In the entries below, find the line with "Weintee Women's Petite" and the line with "Satılır 3 otaqlı mənzil 106 m²". Reproduce those two lines and every line between them exactly, and nothing more.

+++ The records

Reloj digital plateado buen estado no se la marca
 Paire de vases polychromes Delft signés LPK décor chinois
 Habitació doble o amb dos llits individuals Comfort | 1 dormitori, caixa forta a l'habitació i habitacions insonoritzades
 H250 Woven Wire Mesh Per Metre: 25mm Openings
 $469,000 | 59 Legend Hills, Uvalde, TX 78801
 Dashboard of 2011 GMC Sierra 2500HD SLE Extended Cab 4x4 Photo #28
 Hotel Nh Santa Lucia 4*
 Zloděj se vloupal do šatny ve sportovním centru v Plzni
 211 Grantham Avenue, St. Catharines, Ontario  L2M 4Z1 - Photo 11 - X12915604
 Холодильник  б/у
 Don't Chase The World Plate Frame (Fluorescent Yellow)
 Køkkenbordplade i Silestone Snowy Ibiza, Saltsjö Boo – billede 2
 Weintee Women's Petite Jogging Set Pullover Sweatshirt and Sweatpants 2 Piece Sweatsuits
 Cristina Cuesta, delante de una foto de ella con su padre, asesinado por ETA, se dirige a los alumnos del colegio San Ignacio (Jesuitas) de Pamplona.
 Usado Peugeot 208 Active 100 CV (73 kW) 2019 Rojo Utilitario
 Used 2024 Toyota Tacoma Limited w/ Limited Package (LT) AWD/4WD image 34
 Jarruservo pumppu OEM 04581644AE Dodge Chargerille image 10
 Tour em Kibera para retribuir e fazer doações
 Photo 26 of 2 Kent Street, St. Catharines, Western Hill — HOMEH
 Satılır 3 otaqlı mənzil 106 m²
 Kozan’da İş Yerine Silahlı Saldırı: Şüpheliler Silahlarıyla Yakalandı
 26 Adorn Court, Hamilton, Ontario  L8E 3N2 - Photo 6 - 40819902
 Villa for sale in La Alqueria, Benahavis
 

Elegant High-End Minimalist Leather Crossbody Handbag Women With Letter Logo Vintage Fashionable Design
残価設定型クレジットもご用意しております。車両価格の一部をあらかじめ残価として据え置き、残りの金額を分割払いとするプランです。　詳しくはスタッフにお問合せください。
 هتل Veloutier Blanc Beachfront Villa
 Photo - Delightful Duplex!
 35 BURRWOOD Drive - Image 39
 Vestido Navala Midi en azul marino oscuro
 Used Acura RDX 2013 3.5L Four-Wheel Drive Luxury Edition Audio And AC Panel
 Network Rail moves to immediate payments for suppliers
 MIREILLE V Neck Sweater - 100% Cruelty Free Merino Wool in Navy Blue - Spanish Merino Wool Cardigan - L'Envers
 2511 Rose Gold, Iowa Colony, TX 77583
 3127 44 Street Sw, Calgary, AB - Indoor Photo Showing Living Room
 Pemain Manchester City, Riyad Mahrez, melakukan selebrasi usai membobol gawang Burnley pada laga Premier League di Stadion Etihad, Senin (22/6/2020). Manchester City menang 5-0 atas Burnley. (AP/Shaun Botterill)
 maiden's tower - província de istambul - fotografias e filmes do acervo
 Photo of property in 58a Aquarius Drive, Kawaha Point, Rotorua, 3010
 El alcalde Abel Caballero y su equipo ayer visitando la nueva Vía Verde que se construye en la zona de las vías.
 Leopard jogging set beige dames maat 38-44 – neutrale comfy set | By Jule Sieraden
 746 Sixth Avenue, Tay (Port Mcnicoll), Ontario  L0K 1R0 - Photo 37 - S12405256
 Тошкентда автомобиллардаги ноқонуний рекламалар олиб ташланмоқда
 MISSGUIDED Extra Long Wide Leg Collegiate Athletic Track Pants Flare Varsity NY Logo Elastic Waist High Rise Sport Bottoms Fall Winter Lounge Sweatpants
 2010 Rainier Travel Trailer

++++++

* **Task output**
 Weintee Women's Petite Jogging Set Pullover Sweatshirt and Sweatpants 2 Piece Sweatsuits
 Cristina Cuesta, delante de una foto de ella con su padre, asesinado por ETA, se dirige a los alumnos del colegio San Ignacio (Jesuitas) de Pamplona.
 Usado Peugeot 208 Active 100 CV (73 kW) 2019 Rojo Utilitario
 Used 2024 Toyota Tacoma Limited w/ Limited Package (LT) AWD/4WD image 34
 Jarruservo pumppu OEM 04581644AE Dodge Chargerille image 10
 Tour em Kibera para retribuir e fazer doações
 Photo 26 of 2 Kent Street, St. Catharines, Western Hill — HOMEH
 Satılır 3 otaqlı mənzil 106 m²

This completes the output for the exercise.